I am 21 & and am currently living between London and North Yorkshire. Just finished my degree in Psychology. No career ideas materialising as of yet; moving to Sydney, Austrailia with my boyfriend in september.



I like small animals, documentaries, beautification, and working on project hot bitch. Twitter: gemmaorchard90
June 3rd
05:19

So yesterday was pretty fun…

Met up with Sophie for a few drinks at the pub, had a good catch up and a bitch about the people we know haha. Haven’t seen her in a year but I have known her since I was 4, got suprisingly drunk though, not like crazy drunk but I was a little worried seeing as I was meeting another friend a few hours later. Went home, had dinner and a nap and I was good to go!

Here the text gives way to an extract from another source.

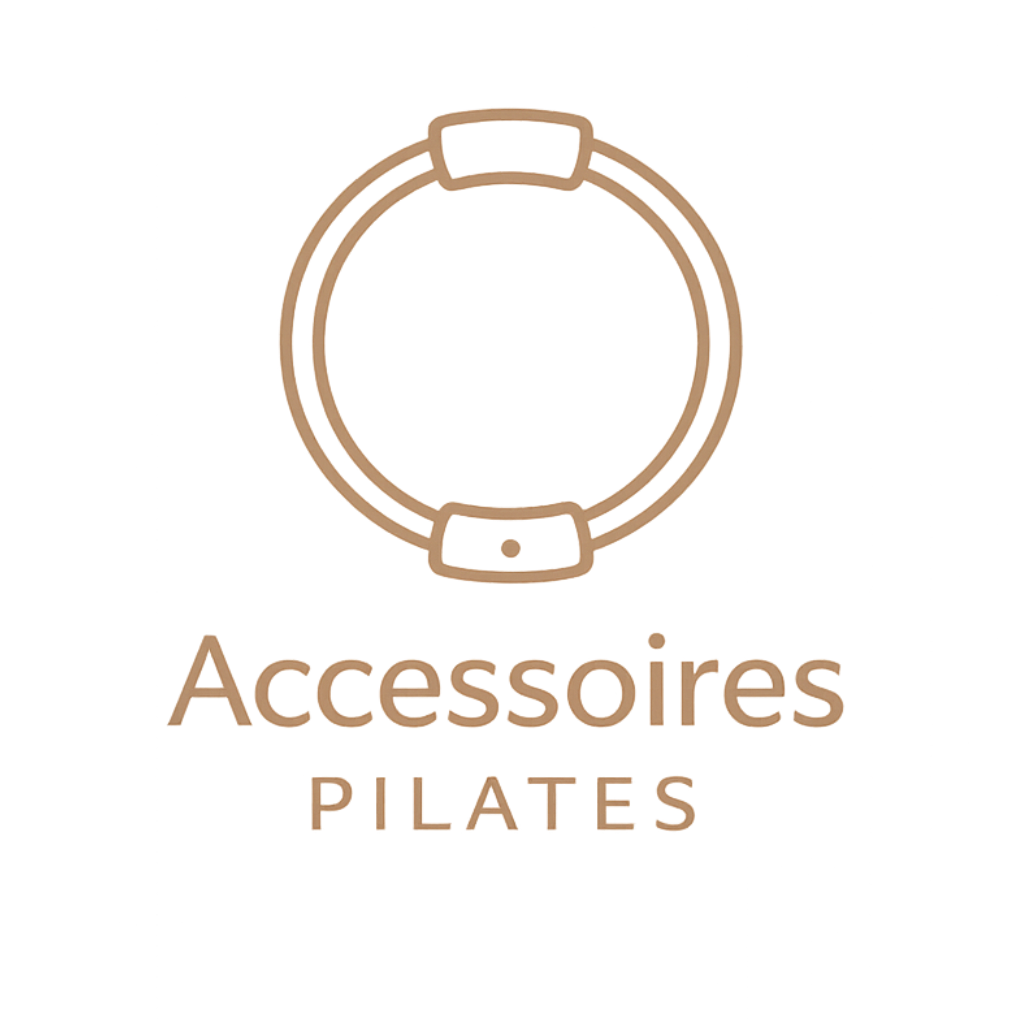 Accessoires Pilates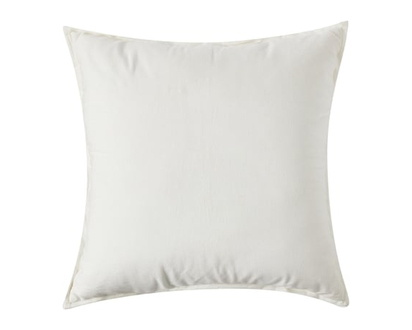 Life at Home Cushion - 1.0 EA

Then I went and met Stacey; another friend I have known since I was 4, we went to the same pub as I had gone to earlier; Luckily the bar staff were not the same as the ones earlier or it’d have been a bit awkward. There was a “DJ” (basically one of the bar staff with headphones) who did a limbo competition and another guy that worked there made everyone do this dance routine, and then the obvious YMCA, macarena and cotten eye joe came on - there was a conga line, it was awesome haha. He even played my def leppard, guns and roses and alice cooper requests, good old dj bobby… There was this group of northern blokes there who apparently were related trying it on with Stacey which I found funny, they did fit the lads on tour stereotype which was even better, anyway I was telling them how Andrew is northern and that we are engaged and everything; it was quite sweet- the youngest one was clearly trying to keep up with everyone else and was absolutely wasted, so I got him some water because I’m a fucking good guy. So we stayed around those guys because they became all fatherly and stopped other guys trying it “oiii, go away, she is engaged.. to a northerner!” So anyway, when the pub shut at about half 2 me and stacey deided we had to have mcdonalds so had to get the bus to kings cross. On that bus this other guy was talking to me about uni and apparently has been to Lincoln, doubt it though as he said it was a great night out…unlikely, so yeah we got our food and walked home. Was a pretty funny day :)

June 2nd
06:39

Good morning :)

I’m actually up and dressed and make uped before 12, I need to keep doing this otherwise I will literally just stay on a sofa for the rest of my life. Going to the pub later :) Excited to actually have a conversation with another 20 something human!

June 1st
16:26
Via
12:45

My last post was deleted because

I got it wrong, I thought the job was for 3 months but it is 2 or 3 weeks which I could do, and would earn about a grand to go into the Australia fund. The job might not even become available but if it does atleast there is some form of certain money.

10:29

Lol at me.

I get so angry at people so easily I should probably go to anger management like Andrew’s friend. But ARGH some people really need to get some fucking perspective; having a housemate that is messy is not the same as living in a “house from hell,” try to stop people killing themselves from a bad house, that is quite bad. The fact you saying “ohh I was so depressed because they wouldn’t buy the shower curtain” is just seriously embarrassing, if you think this constitutes as a bad experience I pity how you will feel when something real comes along.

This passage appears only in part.